Принципиально отличное от западного понимание диалога, свойственное цивилизационному «пограничью», наиболее четко и ясно выразил, по моему мнению, М.М. Бахтин. К ранее приведенным его высказываниям хотелось бы добавить и другие, также отражающие главные черты бахтинской «диалогики».
«Активное согласие – несогласие (если оно не предрешено догматически) стимулирует и углубляет понимание, делает чужое слово более упругим и самостным, не допускает взаимного растворения и смешения» [Бахтин Эстетика… с. 366]. Подлинный диалог – это всегда напряженный творческий спор, как правило, очень далекий от идиллии взаимного согласия по всем вопросам. Подобный диалог возможен лишь в том случае, если каждый из его участников сохраняет собственную идентичность.
Согласно Бахтину, «во всем, чем человек выражает себя вовне (и, следовательно, для «другого») – от тела до слова – происходит напряженное взаимодействие «я» и «другого»: их борьба (честная или взаимный обман), равновесие, гармония (как идеал), наивное незнание друг о друге, нарочитое игнорирование друг друга, вызов, непризнание... и т.п.» [Бахтин Собр. соч., т. 5, с. 353].
Как уже отмечалось выше, в диалоге проявляется вся парадоксальность человеческой экзистенции: чтобы диалог стал возможен, человек должен одновременно слиться с «другим» и остаться самим собой. При этом Бахтин подчеркивал, что отождествление с «другим» не означает растворения в нем, отказа от собственной индивидуальности [Бахтин Собр. соч., т. 5, с. 89]. По Бахтину, «чистое вживание вообще невозможно, если бы я действительно потерял себя в другом (вместо двух участников стал бы один – обеднение бытия)...» [Бахтин Человек в мире слова, с. 30-31].

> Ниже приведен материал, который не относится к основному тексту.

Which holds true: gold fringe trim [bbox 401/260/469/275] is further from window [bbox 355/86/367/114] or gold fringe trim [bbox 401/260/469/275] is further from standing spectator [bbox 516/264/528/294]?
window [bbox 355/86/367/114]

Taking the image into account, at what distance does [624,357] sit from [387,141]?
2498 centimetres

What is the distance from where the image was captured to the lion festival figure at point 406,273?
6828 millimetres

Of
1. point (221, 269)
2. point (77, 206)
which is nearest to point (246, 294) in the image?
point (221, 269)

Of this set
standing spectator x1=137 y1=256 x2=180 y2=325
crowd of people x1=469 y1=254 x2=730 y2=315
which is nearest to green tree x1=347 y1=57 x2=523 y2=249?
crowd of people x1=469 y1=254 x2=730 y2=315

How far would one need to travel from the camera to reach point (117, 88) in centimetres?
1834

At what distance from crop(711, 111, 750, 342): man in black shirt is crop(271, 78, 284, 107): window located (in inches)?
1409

Это касается как межличностных отношений, так и сферы взаимодействия различных культур: «Существует очень живучее, но одностороннее и потому неверное представление о том, что для лучшего понимания чужой культуры надо как бы переселиться в нее и, забыв свою, глядеть на мир глазами этой чужой культуры... Конечно, известное вживание в чужую культуру, возможность взглянуть на мир ее глазами есть необходимый момент в процессе ее понимания; но если бы понимание исчерпывалось одним этим моментом, то оно было бы простым дублированием и не несло бы в себе ничего нового и обогащающего.

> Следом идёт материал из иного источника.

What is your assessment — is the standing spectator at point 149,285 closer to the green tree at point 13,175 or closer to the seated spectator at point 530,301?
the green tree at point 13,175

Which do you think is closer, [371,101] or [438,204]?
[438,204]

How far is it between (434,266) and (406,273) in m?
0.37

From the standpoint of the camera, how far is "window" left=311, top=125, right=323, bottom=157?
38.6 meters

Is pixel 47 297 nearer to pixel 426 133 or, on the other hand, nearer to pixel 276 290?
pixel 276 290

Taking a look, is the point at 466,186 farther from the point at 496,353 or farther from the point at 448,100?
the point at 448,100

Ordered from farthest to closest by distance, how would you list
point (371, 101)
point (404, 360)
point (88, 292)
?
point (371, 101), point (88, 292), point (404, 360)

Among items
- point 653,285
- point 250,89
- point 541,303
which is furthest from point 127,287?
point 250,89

Творческое понимание не отказывается от себя, от своего места во времени, от своей культуры и ничего не забывает... Чужая культура только в глазах другой культуры раскрывает себя полнее и глубже (но не во всей полноте, потому что придут и другие культуры, которые увидят и поймут еще больше)... Мы ставим чужой культуре новые вопросы, каких она сама себе не ставила, мы ищем в ней ответы на эти наши вопросы, и чужая культура отвечает нам, открывая перед нами новые свои стороны, новые смысловые глубины... При такой диалогической встрече двух культур они не сливаются и не смешиваются, каждая сохраняет свое единство и целостность, но они взаимно обогащаются» [Бахтин Эстетика… с. 353-354].
Помимо бахтинского, в российском цивилизационном «пограничье» возник еще один тип диалога, анализ которого представляет в нашем случае особый интерес. Он до недавних пор не был предметом теоретического осмысления, хотя его уже давно выделил С. Бочаров при анализе творчества Л.Н. Толстого. Речь шла об одной сцене из романа «Война и мир». В ходе спора Андрея Болконского и Пьера Безухова в Богучарово столкнулись противоположные мировоззренческие позиции, в результате чего в словесной форме общения обнаружился тупик, который тем не менее был преодолен. Вот как С. Бочаров интерпретирует восприятие А. Болконского:
«Самый факт высказывания, и с таким увлечением, своих мыслей другому, соприкосновение и контакт с другими, отличными мыслями, с другим человеческим настроением и душой – это уже выводит из тупика, ибо это – общение, какое, на логический взгляд Болконского, невозможно, бессмысленно, это волнение жизни, ее борьба, ее драматизм, ее полнота.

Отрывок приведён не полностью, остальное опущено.